# Cross validation

This a first demonstration of how we'll use cross validation method in other models. Performance is not yet the main concern. This aim to clearely defined what is cross validation and how to apply it in any type of model.

The Model class is defined with methods for initializing the dataset, building the model, and training the model.

The __init__ method initializes the dataset from the "data/train" directory, gets the class names and some dataset properties, and displays some information about the dataset, such as image batch shapes, class distribution, and the mean of the data. 

The dataset is normalized and the features (images) and labels (classes) are separated.

In [None]:
from sklearn.utils import class_weight
from sklearn.model_selection import KFold

from scripts.x_ray_dataset_builder import Dataset


class Model:
    def __init__(self, image_size=(512, 512)):
        train_dir = pathlib.Path("data/train")

        train_ds = Dataset(train_dir, batch_size=64, image_size=image_size)

        AUTOTUNE = tf.data.AUTOTUNE

        train_ds.build(AUTOTUNE, False)

        class_names = train_ds.get_class_names()
        print("\nClass names:")
        print(class_names)

        train_x_batch_shape = train_ds.get_x_batch_shape()
        print("\nTraining dataset's images batch shape is:")
        print(train_x_batch_shape)

        train_y_batch_shape = train_ds.get_y_batch_shape()
        print("\nTraining dataset's labels batch shape is:")
        print(train_y_batch_shape)

        train_ds.display_images_in_batch(2, "Training dataset")
        train_ds.display_batch_number("Training dataset")
        train_ds.display_distribution("Training dataset")
        train_ds.display_mean("Training dataset")

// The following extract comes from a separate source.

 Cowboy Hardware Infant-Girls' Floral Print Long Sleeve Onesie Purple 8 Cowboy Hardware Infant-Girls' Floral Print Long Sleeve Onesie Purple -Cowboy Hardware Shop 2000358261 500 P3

        self.class_names = class_names
        self.train_ds = train_ds.normalized_dataset
        self.x_train = train_ds.x_dataset
        self.y_train = train_ds.y_dataset

The build method defines the architecture of the model, which is a simple feedforward neural network with an input layer that flattens the images, a hidden layer with 128 neurons using ReLU activation function, and an output layer with a number of neurons equivalent to the number of classes using the softmax activation function. 

The model is compiled with the Adam optimizer, categorical cross-entropy loss function, and metrics including categorical accuracy, precision, and recall.

In [None]:
 def build(self, input_shape=(512, 512, 1)):
        model = tf.keras.Sequential(
            [
                tf.keras.layers.Flatten(input_shape=input_shape),
                tf.keras.layers.Dense(128, activation="relu"),
                tf.keras.layers.Dense(len(self.class_names), activation="softmax"),
            ]
        )

        model.compile(
            optimizer="adam",
            loss=tf.keras.losses.CategoricalCrossentropy(from_logits=False),
            metrics=[
                tf.keras.metrics.CategoricalAccuracy(), 
                tf.keras.metrics.Precision(), 
                tf.keras.metrics.Recall()
            ],
        )

        model.summary()

        return model

The train method implements k-fold cross-validation for training and evaluating the model. 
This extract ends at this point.